[Stored data]
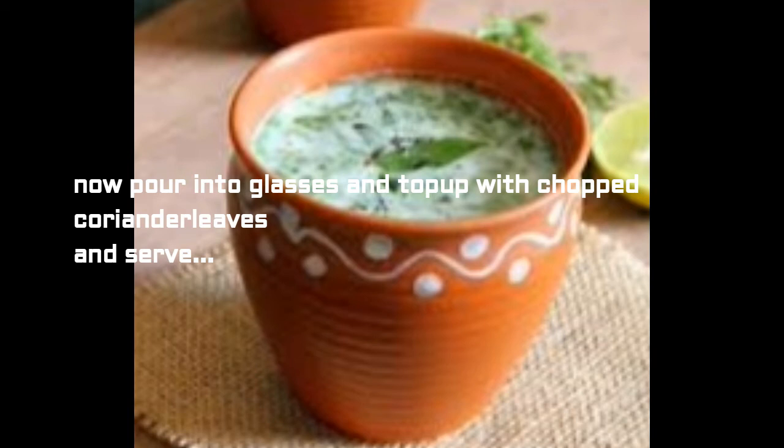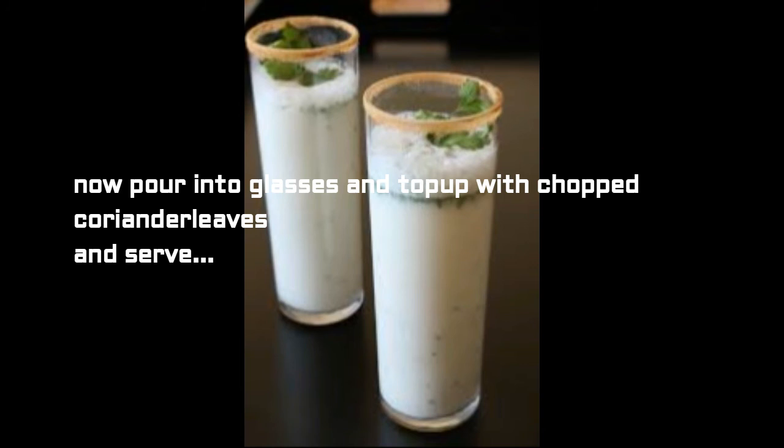This is buttermilk. After every meal in hotels people prefer to order this, but instead you can prepare this at home and have it after your meal — be it lunch or dinner — and enjoy. You don't need a season to drink buttermilk, it is great to have any time of the year. This drink aids digestion and is a great appetizer. In Ayurveda, drinking chaas shows great benefits to the human body.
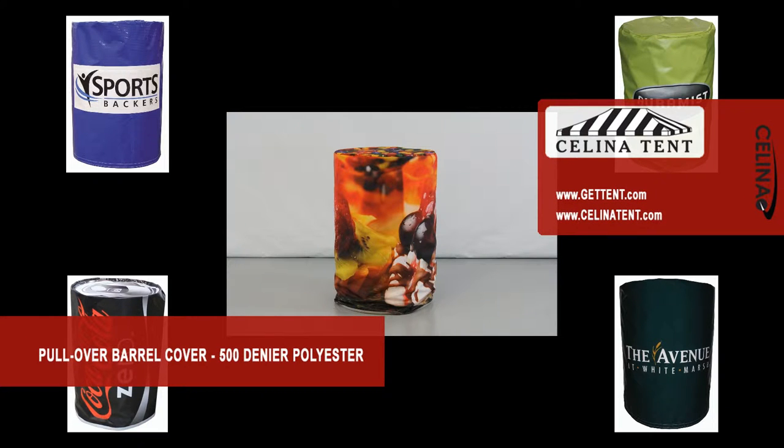Salinas pullover water barrel or drum covers are constructed from top quality weatherproof 500 denier polyester and fit 55 gallon drums less than 76 inches in circumference or 24 inches in diameter.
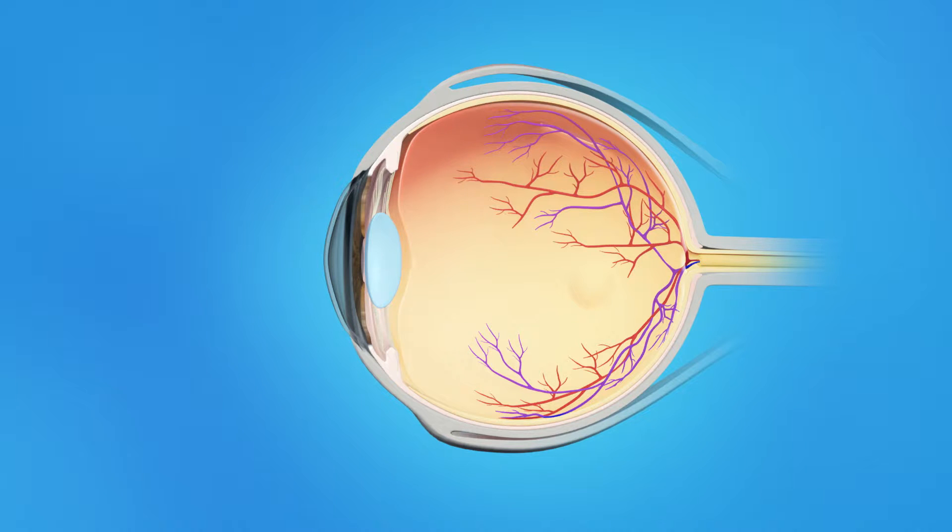The inner eye is filled with a clear jelly-like substance called vitreous. As we age, the vitreous becomes less like jelly and more like liquid. Usually, the vitreous is only loosely attached to the retina, so as the eye moves, the vitreous moves away from the retina without causing problems.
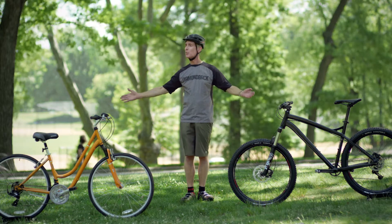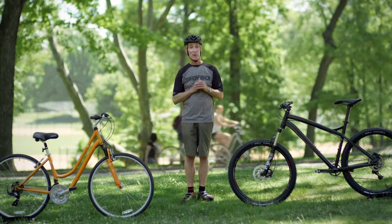We are gathered here today to break down braking on a bike. The reason we need brakes is to slow down, reduce our speed, and avoid an object.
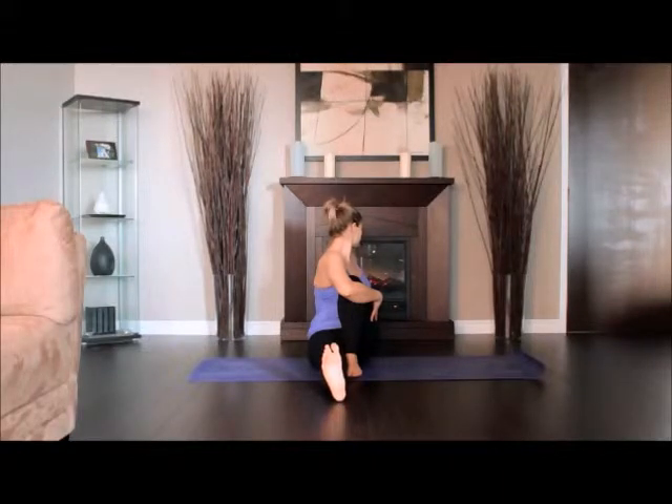Press against the floor just behind your left buttock and turn your head to the left. Stay for 30 seconds to 1 minute, then release with an exhalation and return to the starting position.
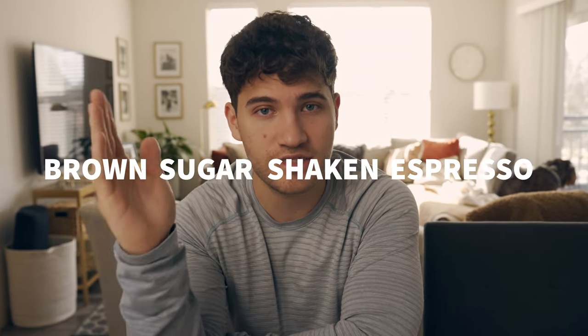Back when I used to work at Starbucks, the only drink I would tell people to get is their cold brew because it slaps. But there's a new drink in town: the brown sugar shaken espresso.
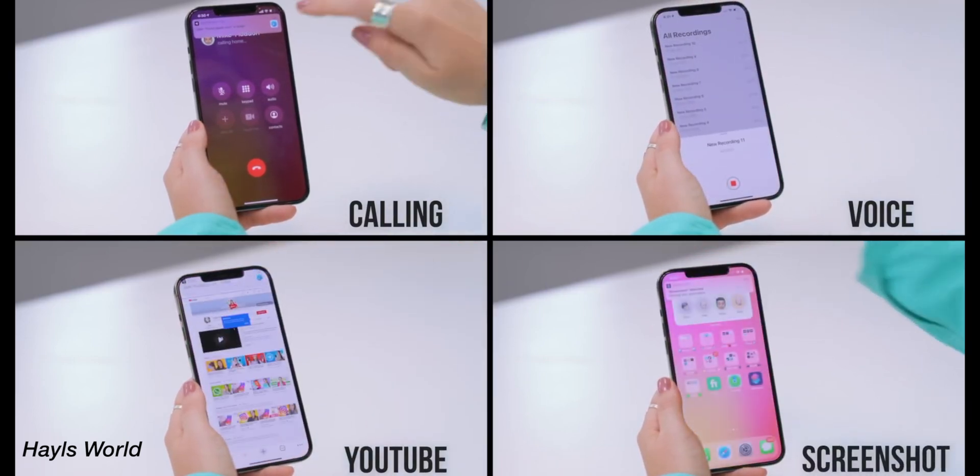I didn't think the AirTag could do that. Anyway, that's all I got. Please leave a comment down below if you have any questions on the AirTag or you have a trick that I haven't been able to share here. Thank you so much for watching and see you in the next one.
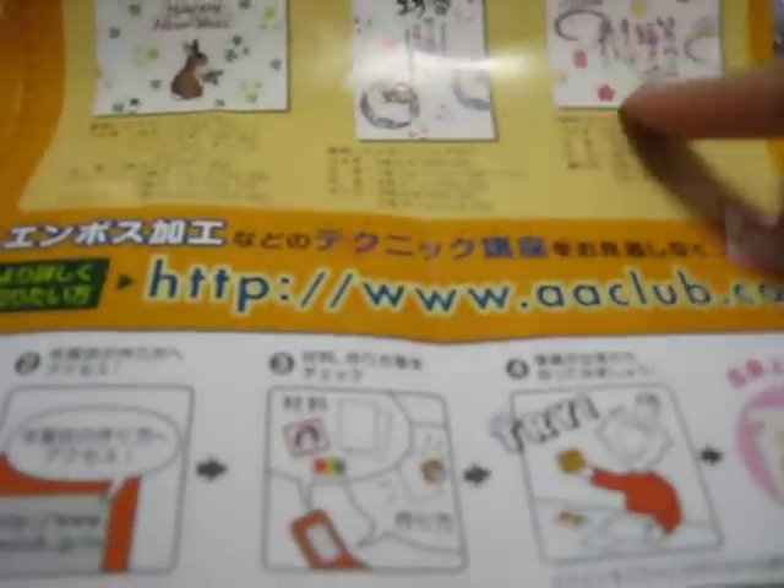I also want to show you — I'm almost out of time — I will be including some of these papers. They tell you how to do Japanese cards; there are examples. They're like little free packets but they have all the different examples so you can learn how to make Japanese postcards. It's really cute, and there's lots of funky writing. I'll put in a set of those for you. That's my giveaway.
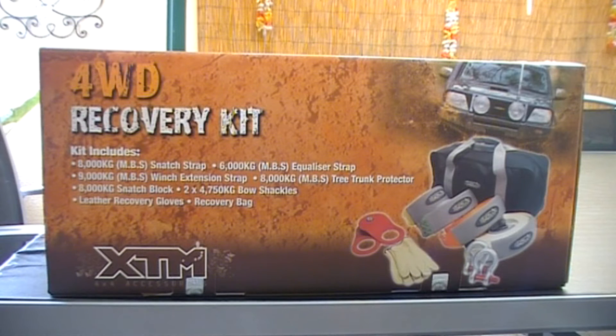Welcome to South Aussie Shooting Channel. This video is part of our 4WD series and is a product review for XTM 4x4 accessories. This is a recovery kit that you can buy from BCF — at the moment they're on special for $189, normally $289.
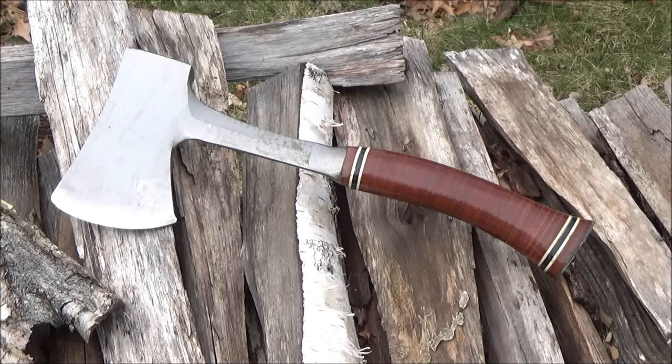Hey, what's up YouTube? Welcome to my review of the Estwing Sportsman's Axe, also sold as the Estwing Camp Hatchet. You're at the We All Juggle Knives channel, by the way. Welcome, one and all.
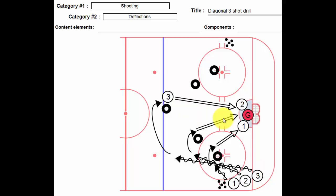So once they finish there, if we really wanted to keep this thing going, we'd put them back in the corner, count to five, go again — continuous. Or we could just alternate sides if we had six players. So diagonal three shot drill, give it a go. Thanks for listening.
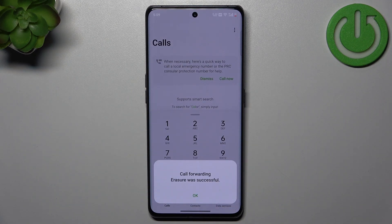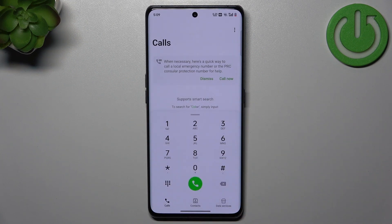As you can see, if you receive the message 'call forwarding erasure was successful', it typically means that call forwarding, which includes voicemail forwarding, has been turned off, and this will prevent calls from being redirected to voicemail if you are unavailable.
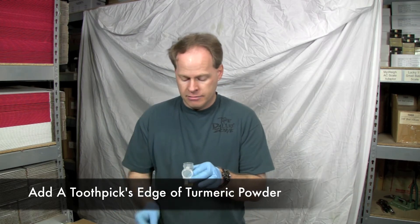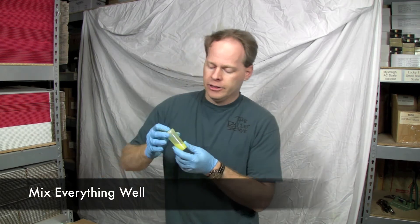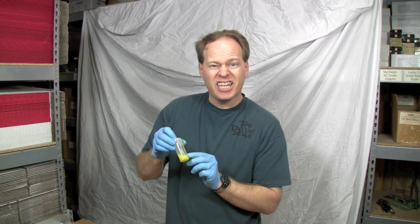Stick it in there and shake this up real good. You'll notice that it turned my oil a yellow color. So let's go ahead and titrate and show you what happens.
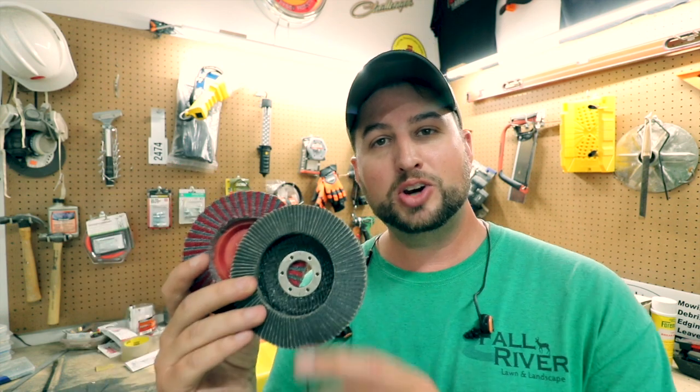With these grinding wheels I did end up trying three different ones. I started at an 80 grit — it was taking me a long time to grind down and get the edge I wanted on my blades. What I have on there right now is a 60 grit, and it is working really good. I also picked up a 40 grit to try, but I think that's going to take off too much material too fast, so you'd have to be really careful using the 40 grit.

_What you are asked to do:_ Omit the pictures, then give all the lines above again exactly.

_Response to this exercise:_
This is buttermilk. After every meal in hotels people prefer to order this, but instead you can prepare this at home and have it after your meal — be it lunch or dinner — and enjoy. You don't need a season to drink buttermilk, it is great to have any time of the year. This drink aids digestion and is a great appetizer. In Ayurveda, drinking chaas shows great benefits to the human body.
Salinas pullover water barrel or drum covers are constructed from top quality weatherproof 500 denier polyester and fit 55 gallon drums less than 76 inches in circumference or 24 inches in diameter.
The inner eye is filled with a clear jelly-like substance called vitreous. As we age, the vitreous becomes less like jelly and more like liquid. Usually, the vitreous is only loosely attached to the retina, so as the eye moves, the vitreous moves away from the retina without causing problems.
We are gathered here today to break down braking on a bike. The reason we need brakes is to slow down, reduce our speed, and avoid an object.
Press against the floor just behind your left buttock and turn your head to the left. Stay for 30 seconds to 1 minute, then release with an exhalation and return to the starting position.
Back when I used to work at Starbucks, the only drink I would tell people to get is their cold brew because it slaps. But there's a new drink in town: the brown sugar shaken espresso.
I didn't think the AirTag could do that. Anyway, that's all I got. Please leave a comment down below if you have any questions on the AirTag or you have a trick that I haven't been able to share here. Thank you so much for watching and see you in the next one.
I also want to show you — I'm almost out of time — I will be including some of these papers. They tell you how to do Japanese cards; there are examples. They're like little free packets but they have all the different examples so you can learn how to make Japanese postcards. It's really cute, and there's lots of funky writing. I'll put in a set of those for you. That's my giveaway.
Welcome to South Aussie Shooting Channel. This video is part of our 4WD series and is a product review for XTM 4x4 accessories. This is a recovery kit that you can buy from BCF — at the moment they're on special for $189, normally $289.
Hey, what's up YouTube? Welcome to my review of the Estwing Sportsman's Axe, also sold as the Estwing Camp Hatchet. You're at the We All Juggle Knives channel, by the way. Welcome, one and all.
So once they finish there, if we really wanted to keep this thing going, we'd put them back in the corner, count to five, go again — continuous. Or we could just alternate sides if we had six players. So diagonal three shot drill, give it a go. Thanks for listening.
As you can see, if you receive the message 'call forwarding erasure was successful', it typically means that call forwarding, which includes voicemail forwarding, has been turned off, and this will prevent calls from being redirected to voicemail if you are unavailable.
Stick it in there and shake this up real good. You'll notice that it turned my oil a yellow color. So let's go ahead and titrate and show you what happens.
With these grinding wheels I did end up trying three different ones. I started at an 80 grit — it was taking me a long time to grind down and get the edge I wanted on my blades. What I have on there right now is a 60 grit, and it is working really good. I also picked up a 40 grit to try, but I think that's going to take off too much material too fast, so you'd have to be really careful using the 40 grit.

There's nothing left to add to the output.